What to work on
Give back an exact copy of the lines from the start of the material through the line bearing "Traveler® Collection Tailored". Include both ends and nothing else.

--- Given records ---

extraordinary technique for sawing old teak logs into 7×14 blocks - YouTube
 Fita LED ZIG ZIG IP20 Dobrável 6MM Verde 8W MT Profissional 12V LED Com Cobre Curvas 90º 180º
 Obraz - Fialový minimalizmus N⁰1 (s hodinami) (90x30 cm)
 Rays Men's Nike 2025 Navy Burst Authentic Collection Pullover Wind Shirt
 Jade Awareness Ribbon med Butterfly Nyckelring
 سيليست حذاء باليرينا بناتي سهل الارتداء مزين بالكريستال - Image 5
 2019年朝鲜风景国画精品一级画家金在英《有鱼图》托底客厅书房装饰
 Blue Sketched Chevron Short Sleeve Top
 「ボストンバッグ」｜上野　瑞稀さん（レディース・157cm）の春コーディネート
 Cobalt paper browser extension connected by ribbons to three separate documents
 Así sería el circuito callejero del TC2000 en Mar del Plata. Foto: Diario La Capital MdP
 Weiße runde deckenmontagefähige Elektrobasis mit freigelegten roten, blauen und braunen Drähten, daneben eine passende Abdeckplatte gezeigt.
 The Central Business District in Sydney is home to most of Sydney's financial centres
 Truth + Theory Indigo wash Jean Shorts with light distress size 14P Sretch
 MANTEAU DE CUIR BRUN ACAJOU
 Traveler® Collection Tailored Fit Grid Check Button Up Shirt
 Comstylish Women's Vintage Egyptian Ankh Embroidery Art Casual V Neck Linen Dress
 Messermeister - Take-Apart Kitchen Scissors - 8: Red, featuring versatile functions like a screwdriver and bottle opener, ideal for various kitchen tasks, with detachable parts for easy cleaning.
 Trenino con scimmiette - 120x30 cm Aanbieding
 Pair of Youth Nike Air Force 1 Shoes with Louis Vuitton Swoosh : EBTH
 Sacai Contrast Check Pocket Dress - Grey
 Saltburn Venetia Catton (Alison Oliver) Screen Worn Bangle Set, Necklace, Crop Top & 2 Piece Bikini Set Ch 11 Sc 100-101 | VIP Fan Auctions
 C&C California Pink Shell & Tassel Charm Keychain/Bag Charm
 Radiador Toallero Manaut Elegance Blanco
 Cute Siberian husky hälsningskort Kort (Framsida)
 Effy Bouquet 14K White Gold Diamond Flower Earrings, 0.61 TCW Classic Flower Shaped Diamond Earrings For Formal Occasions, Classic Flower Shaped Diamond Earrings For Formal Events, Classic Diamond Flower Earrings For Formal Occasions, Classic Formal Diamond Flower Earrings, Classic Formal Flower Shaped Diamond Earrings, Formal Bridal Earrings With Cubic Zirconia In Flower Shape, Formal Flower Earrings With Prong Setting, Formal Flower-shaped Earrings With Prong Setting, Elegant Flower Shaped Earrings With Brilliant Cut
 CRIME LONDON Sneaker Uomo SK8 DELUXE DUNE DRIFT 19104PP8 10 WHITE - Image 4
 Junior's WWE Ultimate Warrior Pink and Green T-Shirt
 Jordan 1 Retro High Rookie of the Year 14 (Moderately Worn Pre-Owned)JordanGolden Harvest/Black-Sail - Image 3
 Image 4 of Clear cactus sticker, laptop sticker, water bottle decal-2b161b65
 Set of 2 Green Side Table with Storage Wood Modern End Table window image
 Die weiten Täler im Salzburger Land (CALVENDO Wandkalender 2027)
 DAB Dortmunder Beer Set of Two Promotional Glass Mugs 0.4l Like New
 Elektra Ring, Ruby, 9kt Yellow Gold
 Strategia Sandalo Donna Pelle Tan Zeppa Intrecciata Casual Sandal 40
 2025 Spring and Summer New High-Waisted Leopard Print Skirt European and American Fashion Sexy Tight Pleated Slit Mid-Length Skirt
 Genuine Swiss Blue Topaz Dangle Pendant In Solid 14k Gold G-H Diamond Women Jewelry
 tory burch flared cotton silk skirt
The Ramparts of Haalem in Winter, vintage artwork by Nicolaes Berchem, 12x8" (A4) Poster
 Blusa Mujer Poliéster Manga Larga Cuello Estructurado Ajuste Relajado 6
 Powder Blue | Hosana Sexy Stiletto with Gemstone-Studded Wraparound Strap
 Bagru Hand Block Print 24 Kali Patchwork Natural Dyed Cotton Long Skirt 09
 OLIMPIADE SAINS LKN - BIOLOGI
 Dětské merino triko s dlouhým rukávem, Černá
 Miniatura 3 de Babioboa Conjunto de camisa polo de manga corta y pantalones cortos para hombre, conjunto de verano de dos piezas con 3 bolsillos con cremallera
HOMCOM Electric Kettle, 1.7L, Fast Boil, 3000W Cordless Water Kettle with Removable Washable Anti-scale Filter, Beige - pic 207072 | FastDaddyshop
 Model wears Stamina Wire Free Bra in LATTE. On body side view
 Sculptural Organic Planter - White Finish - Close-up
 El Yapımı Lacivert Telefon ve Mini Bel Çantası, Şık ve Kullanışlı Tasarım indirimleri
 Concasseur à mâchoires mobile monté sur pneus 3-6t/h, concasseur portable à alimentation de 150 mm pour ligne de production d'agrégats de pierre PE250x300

---

Output for this task
extraordinary technique for sawing old teak logs into 7×14 blocks - YouTube
 Fita LED ZIG ZIG IP20 Dobrável 6MM Verde 8W MT Profissional 12V LED Com Cobre Curvas 90º 180º
 Obraz - Fialový minimalizmus N⁰1 (s hodinami) (90x30 cm)
 Rays Men's Nike 2025 Navy Burst Authentic Collection Pullover Wind Shirt
 Jade Awareness Ribbon med Butterfly Nyckelring
 سيليست حذاء باليرينا بناتي سهل الارتداء مزين بالكريستال - Image 5
 2019年朝鲜风景国画精品一级画家金在英《有鱼图》托底客厅书房装饰
 Blue Sketched Chevron Short Sleeve Top
 「ボストンバッグ」｜上野　瑞稀さん（レディース・157cm）の春コーディネート
 Cobalt paper browser extension connected by ribbons to three separate documents
 Así sería el circuito callejero del TC2000 en Mar del Plata. Foto: Diario La Capital MdP
 Weiße runde deckenmontagefähige Elektrobasis mit freigelegten roten, blauen und braunen Drähten, daneben eine passende Abdeckplatte gezeigt.
 The Central Business District in Sydney is home to most of Sydney's financial centres
 Truth + Theory Indigo wash Jean Shorts with light distress size 14P Sretch
 MANTEAU DE CUIR BRUN ACAJOU
 Traveler® Collection Tailored Fit Grid Check Button Up Shirt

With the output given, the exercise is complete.